### Exercise materials

========================

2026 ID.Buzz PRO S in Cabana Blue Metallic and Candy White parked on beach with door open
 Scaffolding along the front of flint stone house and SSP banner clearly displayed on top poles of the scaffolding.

========================

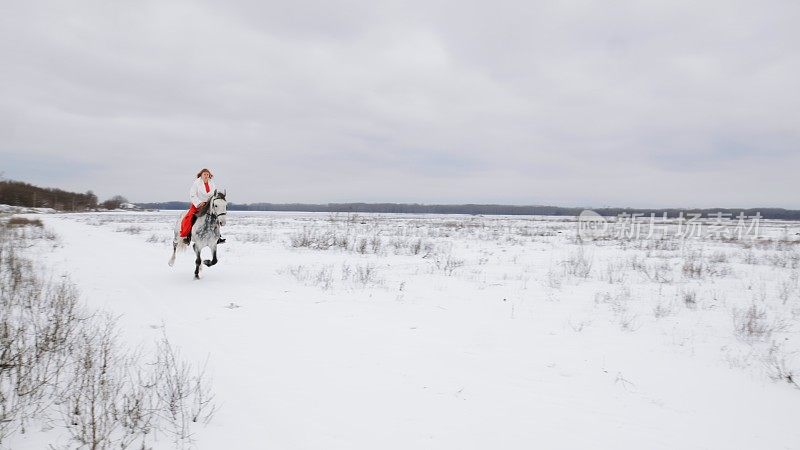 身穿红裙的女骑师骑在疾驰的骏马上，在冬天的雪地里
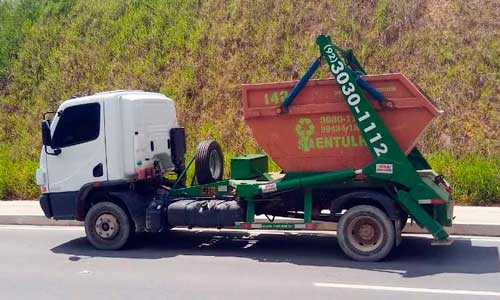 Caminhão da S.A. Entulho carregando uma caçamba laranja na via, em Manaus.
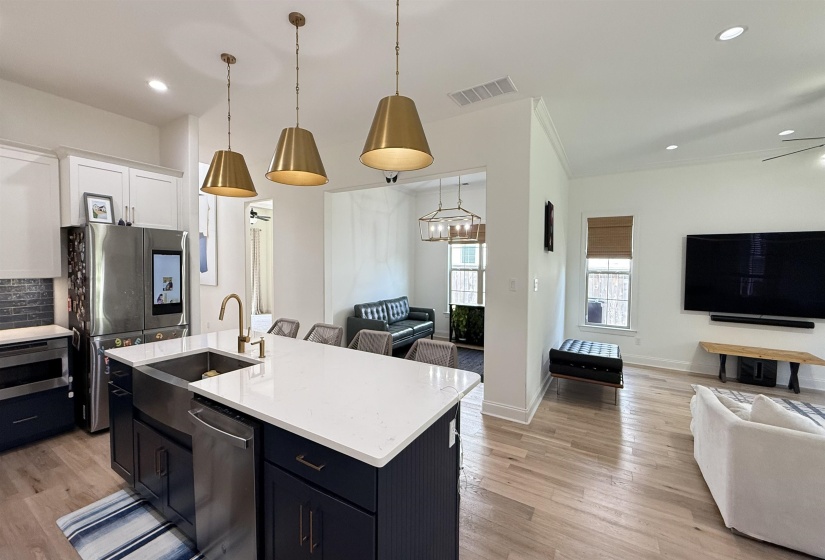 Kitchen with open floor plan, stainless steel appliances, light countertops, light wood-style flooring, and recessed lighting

========================

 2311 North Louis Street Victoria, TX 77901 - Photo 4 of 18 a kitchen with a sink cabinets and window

========================

### Exercise instructions
From the data above, output only the lines between the line containing "2026 ID.Buzz PRO" and the line containing "Scaffolding along the", inclusive, exactly as written.

### The answer
2026 ID.Buzz PRO S in Cabana Blue Metallic and Candy White parked on beach with door open
 Scaffolding along the front of flint stone house and SSP banner clearly displayed on top poles of the scaffolding.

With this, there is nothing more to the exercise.